Laser hair removal uses red to near-infrared light (600-1100 nm) to remove hair. The light is absorbed by melanin in the hair which heats and damages the hair follicles to remove it. Laser hair removal has found to delay hair regrowth by up to 3 months. Laser hair removal can cause redness, edema, first to second degree burns, skin damage, and pigmentation. Those with darker skin types are at greater risk for dyspigmentation and scarring, because they have higher melanin content.

Intense pulse light therapy (IPL) uses polychromatic light to cause permanent hair removal. The melanin found in hair absorbs these long wavelengths of light (590-900 nm) which are converted into heat to cause the destruction of the hair bulb to permanently remove the hair. The choice of wavelength depends on a person's skin type and skin condition. IPL is ideal for larger areas and can cause pain, edema, erythema, and pigmentation. While this option is less expensive than laser hair removal, it is also less effective and therefore, requires more treatment sessions.

There are three different types of electrolysis: galvanic, thermolysis, and blend. Galvanic electrolysis uses a needle to directly deliver the electrical current to the hair follicle. The current has a corrosive effect, destroying the hair via production of sodium hydroxide. While galvanic electrolysis is the more effective than thermolysis, it also is slower. Thermolysis uses a high-frequency alternating current which produces heat to destroy the hair bulb. Thermolysis is less effective in thicker hairs and those with curved follicles. Blend electrolysis combines both galvanic and thermolysis and is the most effective version of electrolysis. Electrolysis in general can cause pain, hyperpigmentation, and scarring, but galvanic electrolysis has the most severe of the side effects.

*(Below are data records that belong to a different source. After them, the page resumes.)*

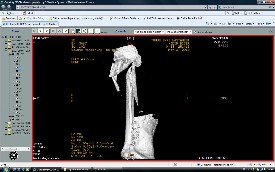 Femur Kırıkları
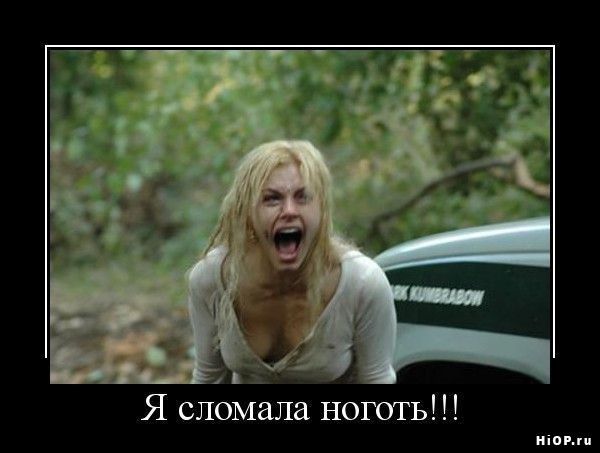 Я сломала ногу!!!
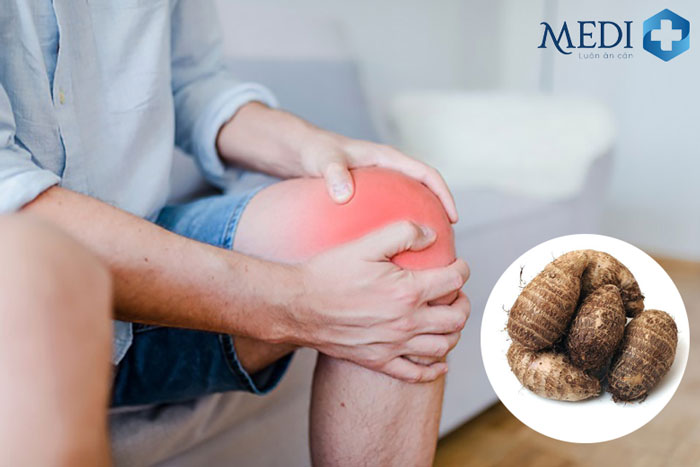 Nên đi khám bác sĩ để điều trị bệnh xương khớp hiệu quả thay vì tự ý sử dụng củ ráy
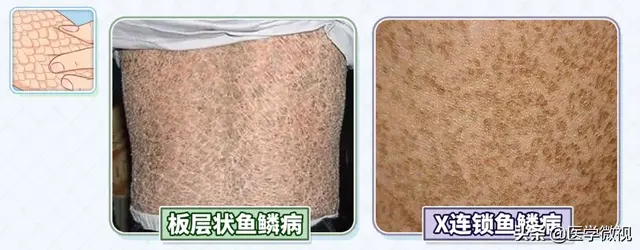 皮肤起皮屑像鱼鳞图片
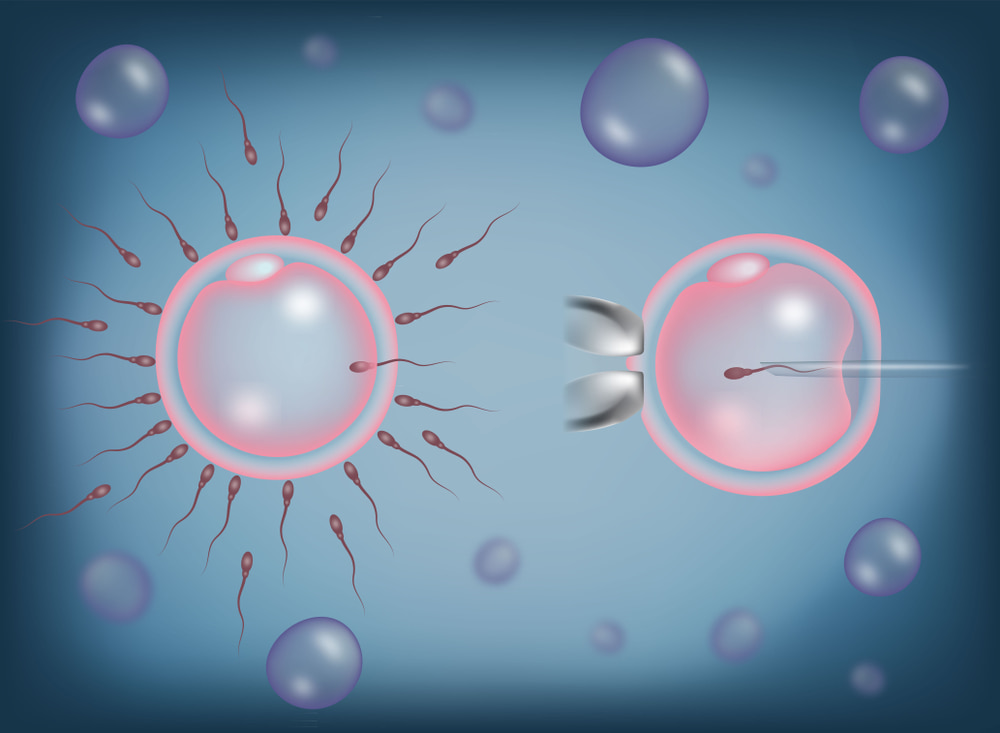 FIV e ICSI: Qual a diferença e qual técnica escolher?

==== Other management strategies ====
Bleaching is an alternative management strategy. While bleaching does not remove hair or prevent is growth, it can lighten the appearance of hairs by removing the hair's natural pigment. The hydrogen peroxide in bleach helps to soften and oxidize the hairs to turn it into a yellowish hue. Bleaching is quick, easy, and painless, only causing some skin irritation. Additionally, the effects of bleaching can last up to 4 weeks.

=== Treatment ===

==== Pharmacological therapy ====
Eflornithine hydrochloride 13.9% cream (Vaniqa®) is a topical prescription medication that has been approved by the FDA as a treatment to reduce hair growth. Eflornithine irreversible inhibits ornithine decarboxylase which is an important enzyme involved in hair growth. Elfornithine does not remove hair through epilation or depilation but rather slows hair growths. Some side effects of eflornithine cream include acne, folliculitis, stinging or burning, skin irritation, redness, itching, and dizziness. Eflornithine cream is not meant to be used alone and is recommended to be combined with another hair removal technique. The FDA only approved elfornithine cream for use on the face and other adjacent areas under the chin, and not the entire body.

==== Drug discontinuation ====
If the cause of hypertrichosis was due to a particular medication, the discontinuation of said medication usually reverses the effects of excessive hair growth.